Stack opinions backed by systems I have operated

Strong opinions, lightly held. The point is not tool tribalism, it is knowing where correctness, cost, and recovery boundaries belong.

Production agents need explicit boundaries.

Free-form loops are useful for exploration, but production systems need inspectable state, typed interfaces, retries, and failure recovery.

Autonomy is valuable only when the surrounding system makes behavior observable and recoverable.

Evidence: DAG orchestration and task-level execution in the market research platform.

Frameworks help prototypes, but architecture lives in boundaries.

LangChain and LangGraph can be useful, but durable systems need domain-specific evaluation, observability, retry, and cost boundaries.

The strongest question is not which library is fashionable. The question is where correctness, state, and recovery live.

Evidence: Shared Python agent platform with multi-provider routing, tracing, and generated APIs.

AI observability should be artifact-aware, not only prompt-aware.

Prompts matter, but debugging production AI needs spans, costs, retries, model routing, generated artifacts, and business correctness checks.

A pretty trace is not enough unless it helps explain and fix the failure mode.

Evidence: OpenTelemetry and Langfuse-backed instrumentation for AI workflow execution.

Intermediate representations make AI artifacts debuggable.

When AI generates complex deliverables, direct output is fragile.
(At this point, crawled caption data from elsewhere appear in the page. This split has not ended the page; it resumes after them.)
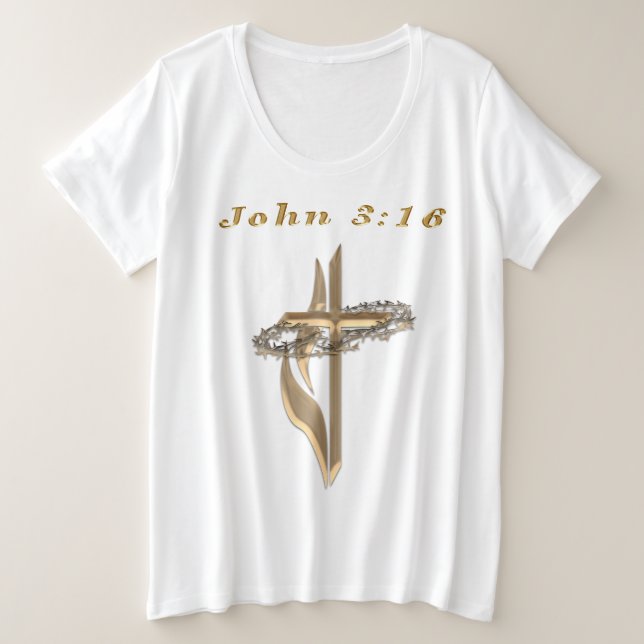 Camiseta Plus Size john 3:16 t-shirt (Frente do Design)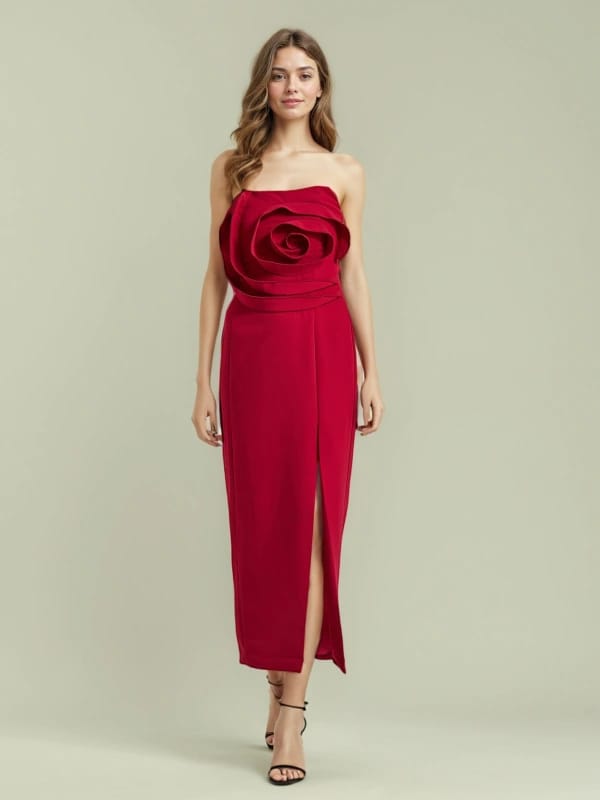 Daphne Rose Details Strapless Slit Midi Dress
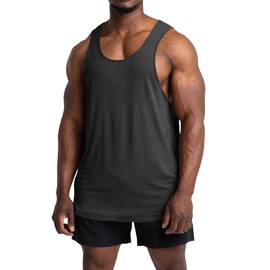 ZIWOCH Mens Workout Stringer Tank Tops Gym Muscle Sleeveless Cotton Shirt Training Bodybuilding Vest Dark Grey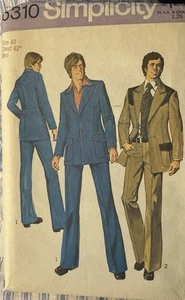 Vtg Simplicity pattern 6310 Men's Suit with bell-bottom pants size 42 uncut - Picture 1 of 2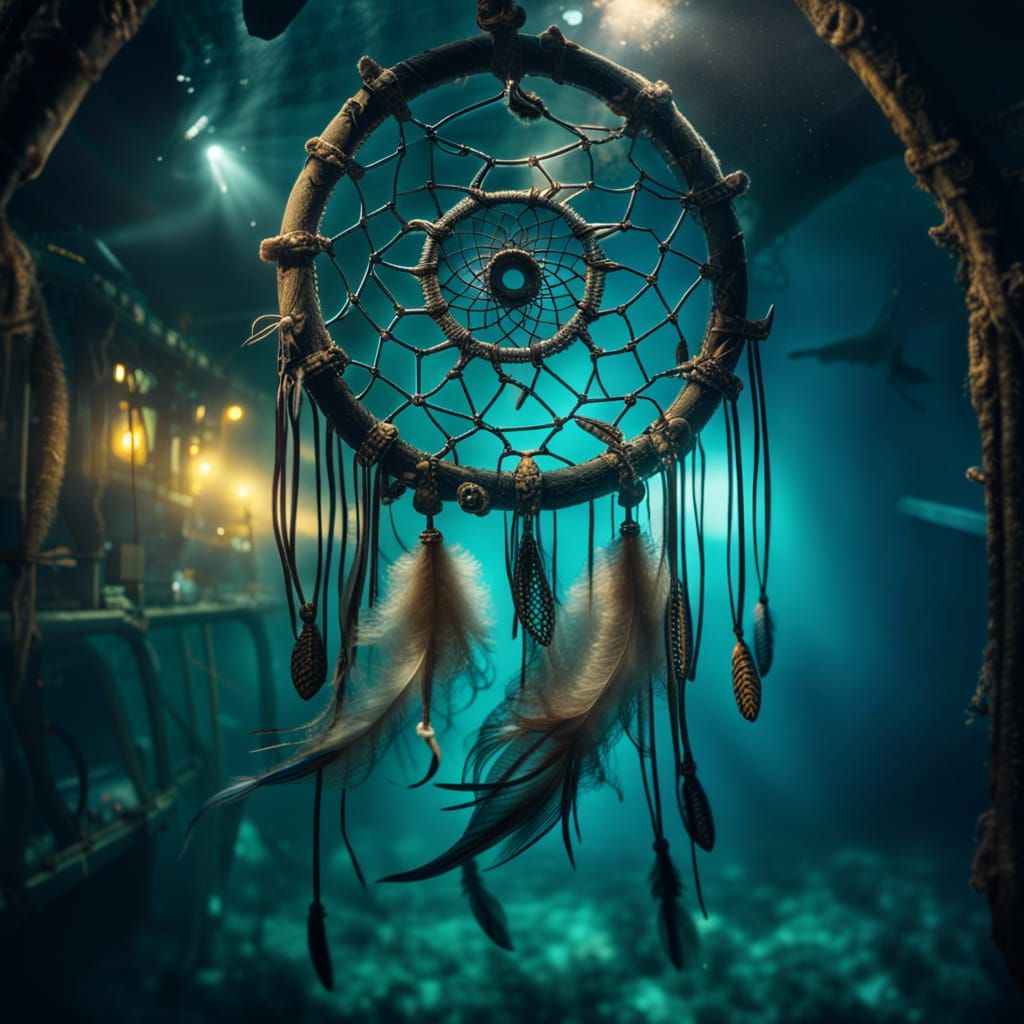 Underwater Dreamcatcher in Submarine: Hyperrealistic Image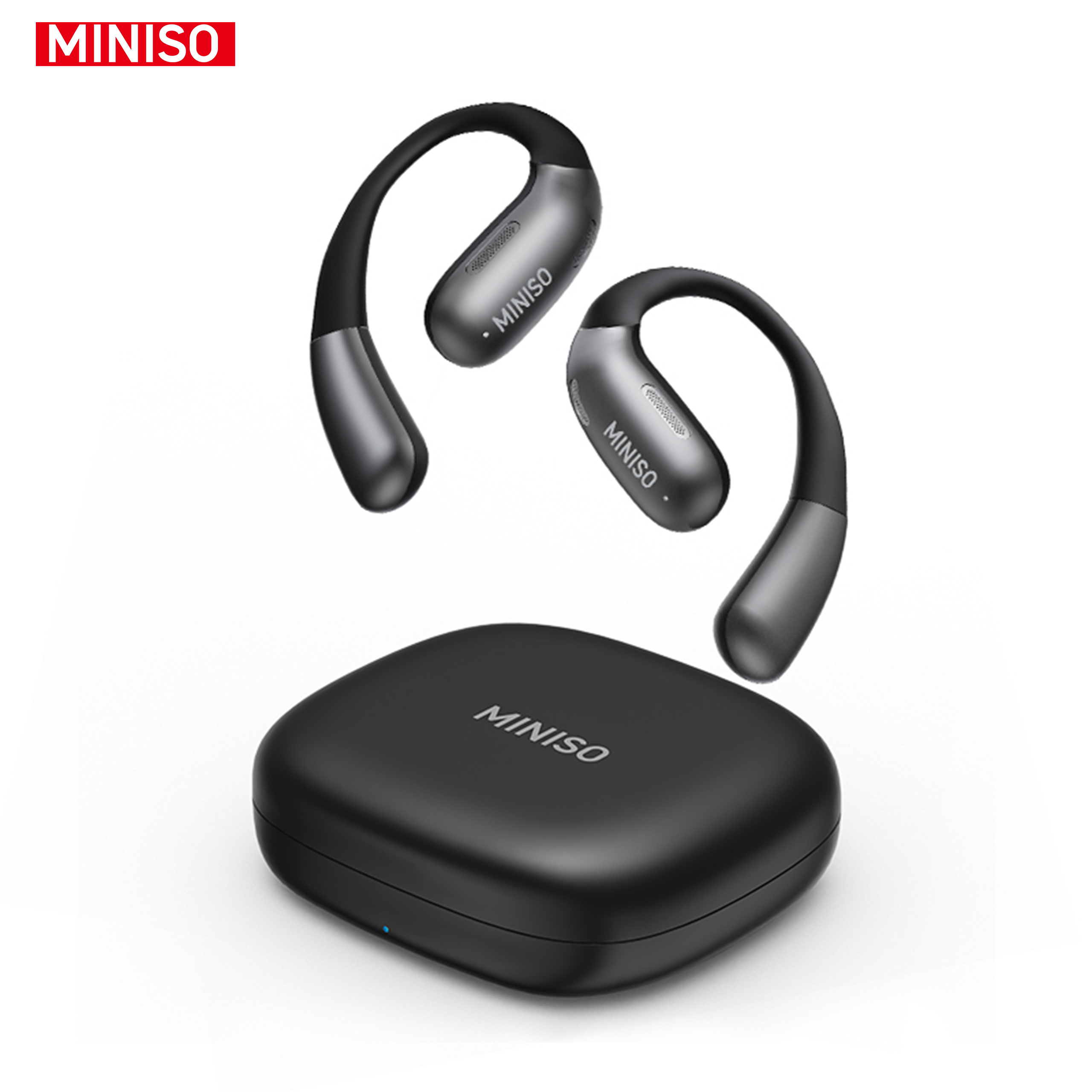 Image of Miniso X28 Ai Ows Open Ear Wireless Earbuds, 58h Long , 5.4 Sound, Smart Touch Control, Built-in Mic, Bluetooth 5.4 Headphones For Running, Cycling, Driving
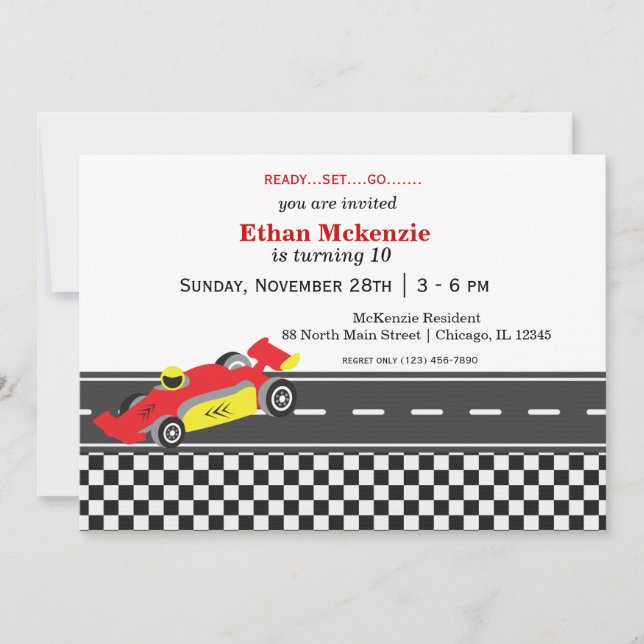 Racecar Birthday Invitation (Front)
IRs make systems inspectable, testable, and renderer-agnostic.

Deck IR separated reasoning about slide structure from rendering into HTML preview and native PowerPoint.

Evidence: Deck IR to HTML preview to native PPTX export in the market research platform.

Generated analytics need artifact boundaries.

AI products need generated analytical objects that can be inspected, edited in the web app, and translated into native presentation artifacts.

The hard part is joining generated Highcharts-style chart specs, editable web chart objects, quality checks, and native PPTX chart rendering without losing meaning.

Evidence: 15-25 Highcharts charts per report with multi-threshold quality scoring in the market research workflow.

Unit economics are part of AI architecture.

A workflow that works but cannot be afforded is not production-ready.

Cost controls belong in routing, caching, retry limits, judge coverage, and infra choices, not in a post-launch spreadsheet.

Evidence: ML infrastructure cost reduction and cost-aware AI workflow patterns.